A fax number is also useful, although I don’t have an actual machine. You can get a free ‘fax to email’ number online. It’s a service that enables clients to send you faxes, which then get sent to your email address as an attachment. If you need to then sign these documents, you can print, scan and send it back via email. Should you ever need to send an actual fax (to a fax number, if your client doesn’t have access to internet for example, you can still use the fax to email service (email to fax in this instance), although there is usually a small fee.
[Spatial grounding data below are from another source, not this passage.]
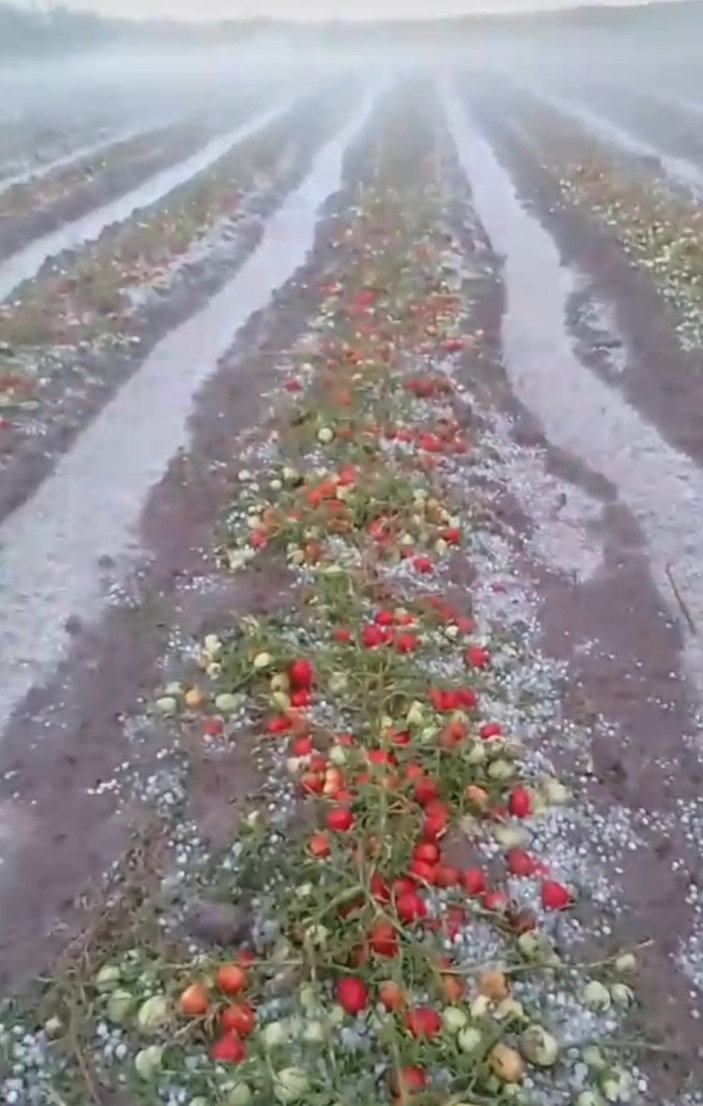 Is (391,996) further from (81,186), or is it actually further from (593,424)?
(81,186)

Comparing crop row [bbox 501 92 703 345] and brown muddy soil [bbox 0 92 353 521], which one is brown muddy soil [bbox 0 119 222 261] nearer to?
brown muddy soil [bbox 0 92 353 521]

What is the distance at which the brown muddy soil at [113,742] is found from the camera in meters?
5.68

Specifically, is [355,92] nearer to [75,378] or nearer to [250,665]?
[75,378]

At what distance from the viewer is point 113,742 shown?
6723 millimetres

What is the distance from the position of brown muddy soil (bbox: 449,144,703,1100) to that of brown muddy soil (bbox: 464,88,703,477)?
1.62 metres

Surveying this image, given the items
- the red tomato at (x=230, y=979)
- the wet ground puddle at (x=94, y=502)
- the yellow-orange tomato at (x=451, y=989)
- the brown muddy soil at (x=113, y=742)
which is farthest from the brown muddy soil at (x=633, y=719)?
the wet ground puddle at (x=94, y=502)

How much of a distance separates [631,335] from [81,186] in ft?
44.3

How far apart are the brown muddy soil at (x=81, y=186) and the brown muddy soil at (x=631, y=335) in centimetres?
885

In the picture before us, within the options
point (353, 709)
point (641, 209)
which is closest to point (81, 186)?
point (641, 209)

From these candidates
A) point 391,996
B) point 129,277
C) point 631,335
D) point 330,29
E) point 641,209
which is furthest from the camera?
point 330,29

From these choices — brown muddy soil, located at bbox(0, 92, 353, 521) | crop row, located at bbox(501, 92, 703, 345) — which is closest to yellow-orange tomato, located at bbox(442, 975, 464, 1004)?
brown muddy soil, located at bbox(0, 92, 353, 521)

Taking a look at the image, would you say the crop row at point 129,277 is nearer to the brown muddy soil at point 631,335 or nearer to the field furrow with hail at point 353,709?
the field furrow with hail at point 353,709

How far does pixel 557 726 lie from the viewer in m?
6.89

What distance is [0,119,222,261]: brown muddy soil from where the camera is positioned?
19578mm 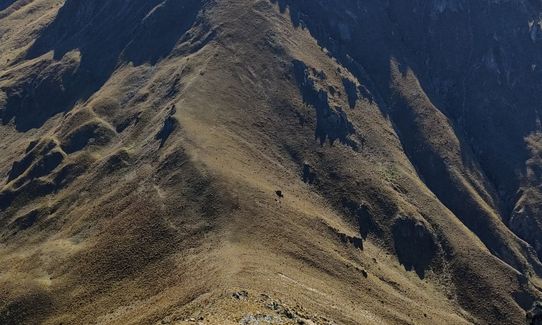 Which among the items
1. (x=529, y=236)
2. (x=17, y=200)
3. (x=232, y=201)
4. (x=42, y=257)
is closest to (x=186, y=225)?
(x=232, y=201)

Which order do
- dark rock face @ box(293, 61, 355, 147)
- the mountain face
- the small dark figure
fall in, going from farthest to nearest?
dark rock face @ box(293, 61, 355, 147) → the small dark figure → the mountain face

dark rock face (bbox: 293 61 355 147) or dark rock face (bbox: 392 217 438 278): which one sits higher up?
dark rock face (bbox: 293 61 355 147)

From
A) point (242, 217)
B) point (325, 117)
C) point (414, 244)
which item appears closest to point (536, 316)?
point (414, 244)

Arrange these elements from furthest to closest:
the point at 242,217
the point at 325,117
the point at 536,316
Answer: the point at 325,117 < the point at 242,217 < the point at 536,316

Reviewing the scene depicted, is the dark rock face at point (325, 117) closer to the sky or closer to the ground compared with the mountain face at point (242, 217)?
closer to the sky

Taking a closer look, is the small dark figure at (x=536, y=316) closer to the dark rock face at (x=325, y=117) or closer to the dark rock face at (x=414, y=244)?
the dark rock face at (x=414, y=244)

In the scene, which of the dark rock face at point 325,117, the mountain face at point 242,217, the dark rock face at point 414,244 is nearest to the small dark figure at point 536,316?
the mountain face at point 242,217

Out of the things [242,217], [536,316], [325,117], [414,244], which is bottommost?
[242,217]

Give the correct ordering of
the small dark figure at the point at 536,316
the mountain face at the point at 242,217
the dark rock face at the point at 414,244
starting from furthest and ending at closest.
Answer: the dark rock face at the point at 414,244, the small dark figure at the point at 536,316, the mountain face at the point at 242,217

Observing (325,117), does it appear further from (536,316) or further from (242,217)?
(536,316)

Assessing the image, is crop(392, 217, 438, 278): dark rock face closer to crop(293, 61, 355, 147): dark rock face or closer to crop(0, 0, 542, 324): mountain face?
crop(0, 0, 542, 324): mountain face

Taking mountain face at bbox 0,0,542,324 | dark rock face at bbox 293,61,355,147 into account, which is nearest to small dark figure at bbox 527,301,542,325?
mountain face at bbox 0,0,542,324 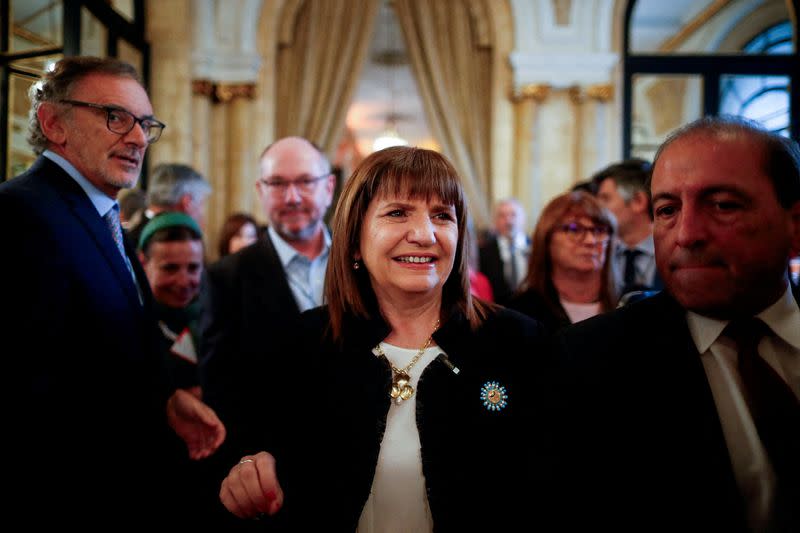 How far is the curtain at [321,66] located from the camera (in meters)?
7.14

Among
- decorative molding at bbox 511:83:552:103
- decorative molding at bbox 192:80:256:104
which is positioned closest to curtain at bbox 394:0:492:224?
decorative molding at bbox 511:83:552:103

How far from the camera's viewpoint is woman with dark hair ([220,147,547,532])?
53.7 inches

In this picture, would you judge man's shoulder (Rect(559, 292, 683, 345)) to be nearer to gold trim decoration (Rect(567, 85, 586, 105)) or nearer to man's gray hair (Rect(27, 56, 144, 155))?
man's gray hair (Rect(27, 56, 144, 155))

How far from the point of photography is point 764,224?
1023 millimetres

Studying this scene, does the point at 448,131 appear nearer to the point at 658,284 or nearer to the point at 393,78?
the point at 393,78

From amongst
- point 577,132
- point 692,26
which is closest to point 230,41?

You will also need a phone. I choose to only use a mobile, since one of the perks to the industry is the fact that it’s location independent, and I want clients to be able to reach me even when I’m travelling. Having a phone that allows you to access email, as well as social media sites, is also very handy. If you decide to work with any agencies, you might lose out on an assignment if you step out for a few hours and didn’t manage to pick up their email. Yes, it does sometimes move that fast. Setting up a Skype account is also handy if a client ever wants to have a ‘face-to-face’ meeting.
You would then also need some software, such as the usual MS Office packages, to be able to read and receive any client documents, as well as things such Adobe Acrobat for PDFs and so forth. You might also like to look at OpenOffice, as a free alternative to office software. A good anti-virus is also highly recommended. You might also want to look at getting a CAT tool. I use Wordfast and OmegaT, although at heart, I still prefer translating old-school style. That said, CAT tools are undeniably useful, and I’ve found them especially great when it comes to formatting – ie. making sure your client’s document looks exactly the same in the target file as it does in the source document. I’m thinking about getting MemoQ, but will post more about this once I’ve decided.
Translators also need reference material. Even though you will be able to do a lot of online research (for terminology and concepts), good quality dictionaries and glossaries are vital. You will also need a thesaurus, as well as any other industry-specific glossaries, should you decide to specialise. For example, if you do legal translations, you will need a number of legal dictionaries, glossaries and lexicons. Start small, and slowly build up your library as you grow.
Finally, translators also need to be found, and for this you’ll need a website and an email address (or several, if you choose). But more on this in Part III.
Seasoned translators, what have I left out? Are there any tools you simply can’t live without?